Mulkey, now 49, said he was diagnosed with depression in 1994 after deciding to leave a job as a mental health counselor at a psychiatric hospital to start a private practice. He was put on the antidepressant drug Paxil. “What felt like a step off the curb to anyone else felt to me like stepping off the Grand Canyon,” he said. “I was free-falling into severe depression.” Compounding the depression, he said, was restlessness and boredom. “I was acting out sexually and keeping it hidden. I was really spinning. The cycle for me was in order to combat depression, there was the thrill of acting out, which leads to more depression because of the guilt and shame.”

Spending sprees and heavy drinking added to the ferocity of his life, he said. While his highs were often self-destructive, he also put his boundless energy and drive to work. At one point, he orchestrated the building of a lucrative senior housing project that led to other demanding opportunities. “I made money I had never made,” he said. “I didn’t know it at the time, but I was driving myself into the ground.”

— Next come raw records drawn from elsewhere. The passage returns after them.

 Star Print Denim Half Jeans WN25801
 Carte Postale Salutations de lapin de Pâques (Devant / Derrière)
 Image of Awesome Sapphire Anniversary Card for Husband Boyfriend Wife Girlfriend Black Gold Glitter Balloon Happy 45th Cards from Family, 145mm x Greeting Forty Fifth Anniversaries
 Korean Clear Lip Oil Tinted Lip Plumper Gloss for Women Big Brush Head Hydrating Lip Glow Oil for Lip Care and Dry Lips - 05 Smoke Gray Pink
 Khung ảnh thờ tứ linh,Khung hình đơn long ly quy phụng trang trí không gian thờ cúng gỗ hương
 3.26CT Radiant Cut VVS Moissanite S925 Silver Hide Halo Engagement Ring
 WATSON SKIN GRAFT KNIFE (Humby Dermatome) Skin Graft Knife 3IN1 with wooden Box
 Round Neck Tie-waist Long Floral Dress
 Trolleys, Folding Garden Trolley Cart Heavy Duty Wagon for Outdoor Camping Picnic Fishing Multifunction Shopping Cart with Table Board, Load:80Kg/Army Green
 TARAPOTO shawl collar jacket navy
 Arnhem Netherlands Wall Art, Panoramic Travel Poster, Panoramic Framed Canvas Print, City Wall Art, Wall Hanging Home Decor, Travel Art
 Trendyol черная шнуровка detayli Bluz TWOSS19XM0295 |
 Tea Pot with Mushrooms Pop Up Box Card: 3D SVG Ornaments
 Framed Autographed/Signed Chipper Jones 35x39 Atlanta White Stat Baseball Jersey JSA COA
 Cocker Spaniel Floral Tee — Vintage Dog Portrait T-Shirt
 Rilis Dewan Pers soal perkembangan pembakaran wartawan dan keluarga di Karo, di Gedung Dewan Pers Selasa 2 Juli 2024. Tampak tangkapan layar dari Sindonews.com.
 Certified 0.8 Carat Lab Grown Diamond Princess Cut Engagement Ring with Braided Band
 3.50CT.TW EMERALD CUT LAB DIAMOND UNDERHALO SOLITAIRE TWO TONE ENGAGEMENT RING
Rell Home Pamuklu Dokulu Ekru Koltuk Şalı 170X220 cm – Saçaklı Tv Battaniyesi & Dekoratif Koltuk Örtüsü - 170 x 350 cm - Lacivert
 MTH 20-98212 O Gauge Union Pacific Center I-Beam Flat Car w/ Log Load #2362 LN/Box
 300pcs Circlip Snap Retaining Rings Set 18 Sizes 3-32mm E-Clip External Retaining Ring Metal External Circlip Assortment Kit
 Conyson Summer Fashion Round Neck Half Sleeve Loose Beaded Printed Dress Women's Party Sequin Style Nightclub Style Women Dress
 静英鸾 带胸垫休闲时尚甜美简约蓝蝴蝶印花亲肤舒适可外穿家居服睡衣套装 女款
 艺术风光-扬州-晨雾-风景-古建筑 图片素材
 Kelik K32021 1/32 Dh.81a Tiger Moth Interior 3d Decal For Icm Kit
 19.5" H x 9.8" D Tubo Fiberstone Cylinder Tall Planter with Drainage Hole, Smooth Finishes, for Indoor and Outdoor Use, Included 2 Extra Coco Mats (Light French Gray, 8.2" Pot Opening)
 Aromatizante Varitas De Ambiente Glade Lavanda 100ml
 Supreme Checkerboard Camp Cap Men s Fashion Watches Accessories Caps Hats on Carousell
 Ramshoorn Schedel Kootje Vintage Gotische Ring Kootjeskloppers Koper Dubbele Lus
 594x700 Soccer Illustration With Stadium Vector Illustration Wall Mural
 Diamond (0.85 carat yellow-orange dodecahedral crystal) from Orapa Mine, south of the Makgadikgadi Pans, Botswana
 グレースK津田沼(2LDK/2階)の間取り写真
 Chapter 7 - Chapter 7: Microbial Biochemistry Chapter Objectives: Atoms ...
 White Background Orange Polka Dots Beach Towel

The cycle continued: “I’d be on the road, come home and crash for three days, then get back out and do it again and be the party guy,” he said. “The average person sees me as very gregarious and engaging, but those same people would never guess I go home and close my door and hibernate.”

Dr. Joseph Sison, a Sacramento psychiatrist who specializes in treatment of mentally ill children, said that in some patients antidepressants increase a patient’s agitation, restlessness and explosiveness. “If that’s the case, you probably should re-look at the diagnosis because it may be bipolar disorder,” he said. Dr. Linda Schaffer, a psychiatrist who shares an office with her husband, Charles Schaffer, said she discovered that depressed patients who weren’t getting better on antidepressants improved when the drug lithium — for mood disorders — was added to the mix. She said while the diagnosis of depression was accurate, the doctors were missing the other side of the illness — the nervous energy, anxiety and irritability. “If you treat that side, they get better.”

Patients, too, neglect to describe those other symptoms when they see their doctors, in part because the manic moods and behaviors can be a welcome respite from the depression. The stigma of bipolar disease, often perceived as far more serious and chronic than depression, also prevents patients and their doctors from arriving at the appropriate diagnosis, Charles Schaffer said. “You are more crazy (with bipolar),” he said. “It’s more acceptable to be depressed.”

Two and a half years ago, Mulkey told his regular doctor about his irritability, his fiery temper, edginess and anxiety. When the doctor suggested he might have bipolar disorder after all, Mulkey cried. “The more honest I was and more willing to describe my internal world and my behavior,” he said, “the more he could help me.” A psychiatrist later confirmed the diagnosis and put Mulkey on a new drug that stabilized his mood but contributed to a 40-pound weight gain. 

As with most psychiatric diagnoses, finding the right drugs in the right dosages took time. Today, although he suffers some from insomnia, Mulkey said he is stable. He has quit drinking and lost 20 of the added pounds. He lives in Gold River, has a fulfilling job operating a Sacramento residential home for seniors and enjoys a happy relationship.

Mulkey said he is relieved that his disorder never progressed to the point of psychosis, which can occur with any significant mental illness. A psychotic person may be driven by delusions or hallucinations to do something totally out of character — perhaps violent or criminal. “I can imagine, to some extent, the darkness that enveloped this man’s life,” Mulkey said of Crespi. “It’s so devastatingly sad that effective treatment did not come his way soon enough.”

As a survivor, Mulkey urges others with mental illnesses not to think they are broken. “Be willing to get messy and dirty in dealing with this condition,” he said. “There is often considerable collateral damage that goes with the illness. Do not minimize it or trivialize or spiritualize it away. It will not go away on it’s own.”